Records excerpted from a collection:
********
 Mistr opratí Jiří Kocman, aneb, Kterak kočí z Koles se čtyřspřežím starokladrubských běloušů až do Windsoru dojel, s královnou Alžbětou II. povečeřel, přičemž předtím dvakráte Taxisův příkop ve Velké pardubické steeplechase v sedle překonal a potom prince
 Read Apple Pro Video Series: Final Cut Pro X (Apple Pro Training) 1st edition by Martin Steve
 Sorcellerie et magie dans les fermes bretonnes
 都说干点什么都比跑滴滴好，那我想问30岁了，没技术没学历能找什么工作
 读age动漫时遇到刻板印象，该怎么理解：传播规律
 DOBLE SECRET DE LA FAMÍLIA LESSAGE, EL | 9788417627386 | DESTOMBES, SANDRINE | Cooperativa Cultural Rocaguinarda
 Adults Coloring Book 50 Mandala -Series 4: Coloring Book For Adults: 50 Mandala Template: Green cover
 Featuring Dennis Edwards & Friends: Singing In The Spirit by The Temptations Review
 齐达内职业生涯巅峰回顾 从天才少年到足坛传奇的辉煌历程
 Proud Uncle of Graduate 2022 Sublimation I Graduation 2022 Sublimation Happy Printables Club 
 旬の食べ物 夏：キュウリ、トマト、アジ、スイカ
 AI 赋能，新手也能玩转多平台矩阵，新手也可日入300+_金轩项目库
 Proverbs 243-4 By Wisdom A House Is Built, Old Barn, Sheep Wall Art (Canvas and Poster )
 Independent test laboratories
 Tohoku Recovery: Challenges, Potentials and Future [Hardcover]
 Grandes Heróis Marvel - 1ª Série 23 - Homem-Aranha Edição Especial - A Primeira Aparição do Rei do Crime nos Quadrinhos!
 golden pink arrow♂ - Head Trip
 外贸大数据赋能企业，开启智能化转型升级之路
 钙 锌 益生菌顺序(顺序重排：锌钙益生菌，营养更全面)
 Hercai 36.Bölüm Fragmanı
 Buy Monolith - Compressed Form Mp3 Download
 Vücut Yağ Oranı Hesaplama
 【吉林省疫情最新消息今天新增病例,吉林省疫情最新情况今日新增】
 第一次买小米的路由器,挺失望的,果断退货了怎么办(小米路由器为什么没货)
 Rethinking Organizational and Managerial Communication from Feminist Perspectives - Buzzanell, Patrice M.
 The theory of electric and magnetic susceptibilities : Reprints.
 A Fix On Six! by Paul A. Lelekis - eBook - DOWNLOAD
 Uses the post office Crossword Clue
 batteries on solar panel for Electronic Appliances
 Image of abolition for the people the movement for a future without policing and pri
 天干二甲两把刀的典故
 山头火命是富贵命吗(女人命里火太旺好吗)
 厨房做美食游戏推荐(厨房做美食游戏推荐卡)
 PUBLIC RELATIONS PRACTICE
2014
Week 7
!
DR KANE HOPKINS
********
## Exercise:
Quote, word for word, every line from the top of the entries through the line that holds "Proud Uncle of".

## Output of the task:
 Mistr opratí Jiří Kocman, aneb, Kterak kočí z Koles se čtyřspřežím starokladrubských běloušů až do Windsoru dojel, s královnou Alžbětou II. povečeřel, přičemž předtím dvakráte Taxisův příkop ve Velké pardubické steeplechase v sedle překonal a potom prince
 Read Apple Pro Video Series: Final Cut Pro X (Apple Pro Training) 1st edition by Martin Steve
 Sorcellerie et magie dans les fermes bretonnes
 都说干点什么都比跑滴滴好，那我想问30岁了，没技术没学历能找什么工作
 读age动漫时遇到刻板印象，该怎么理解：传播规律
 DOBLE SECRET DE LA FAMÍLIA LESSAGE, EL | 9788417627386 | DESTOMBES, SANDRINE | Cooperativa Cultural Rocaguinarda
 Adults Coloring Book 50 Mandala -Series 4: Coloring Book For Adults: 50 Mandala Template: Green cover
 Featuring Dennis Edwards & Friends: Singing In The Spirit by The Temptations Review
 齐达内职业生涯巅峰回顾 从天才少年到足坛传奇的辉煌历程
 Proud Uncle of Graduate 2022 Sublimation I Graduation 2022 Sublimation Happy Printables Club 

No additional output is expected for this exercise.